### Data provided
--- --- ---
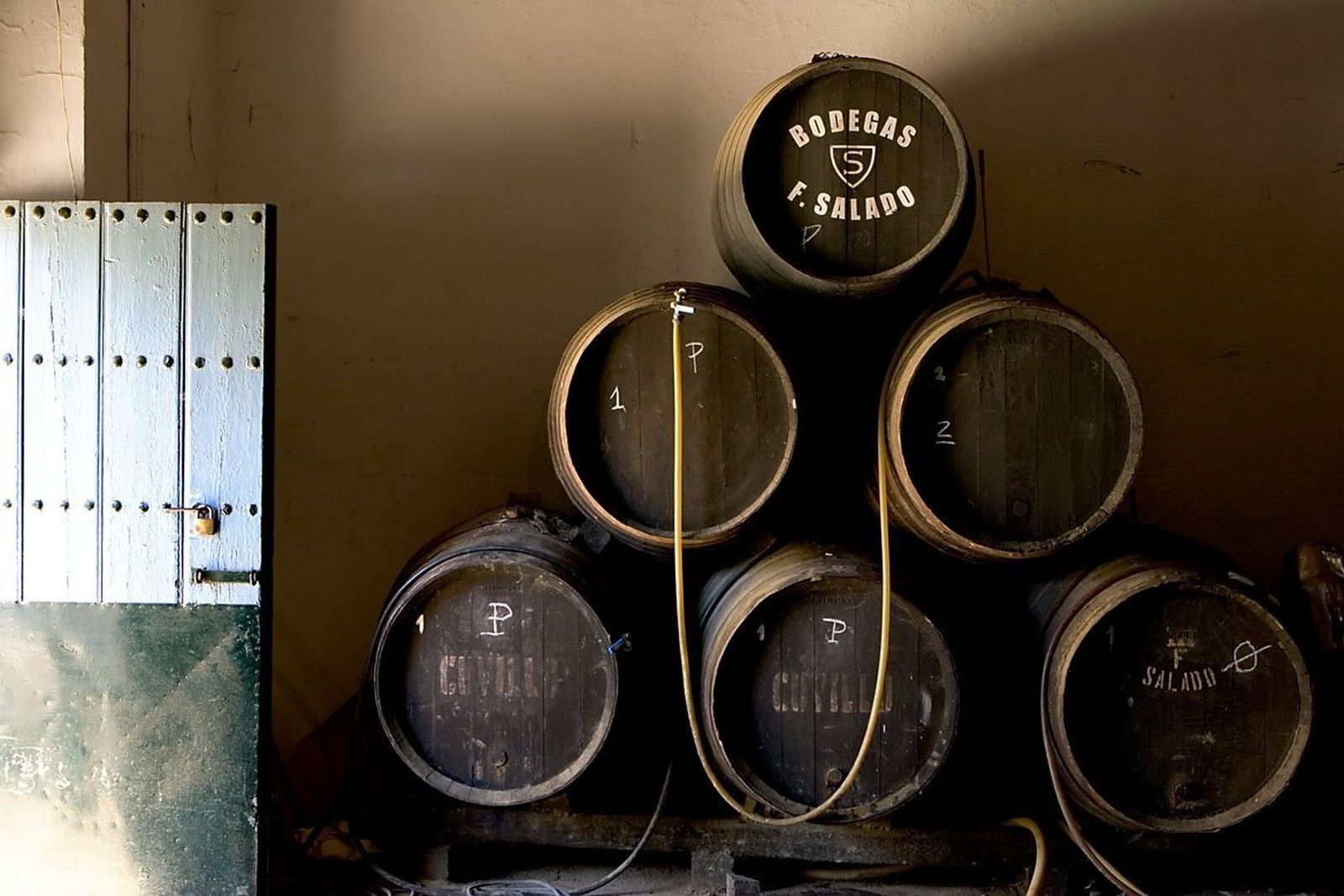 Las Bodegas Salado, fundadas en 1810 y ubicada en el Aljarafe sevillano, formarán parte de los recorridos enoturísticos programados para el último trimestre del presente año.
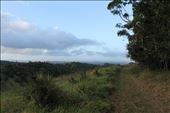 A rural property is a life saver for our environment: by ecomatt91, Views[255]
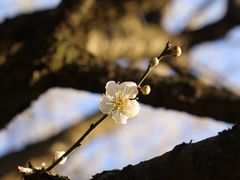 -杭州植物园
--- --- ---
### Exercise brief
Could the listing above be transcribed exactly, with the pictures left out?

### Your solution
 Las Bodegas Salado, fundadas en 1810 y ubicada en el Aljarafe sevillano, formarán parte de los recorridos enoturísticos programados para el último trimestre del presente año.
 A rural property is a life saver for our environment: by ecomatt91, Views[255]
 -杭州植物园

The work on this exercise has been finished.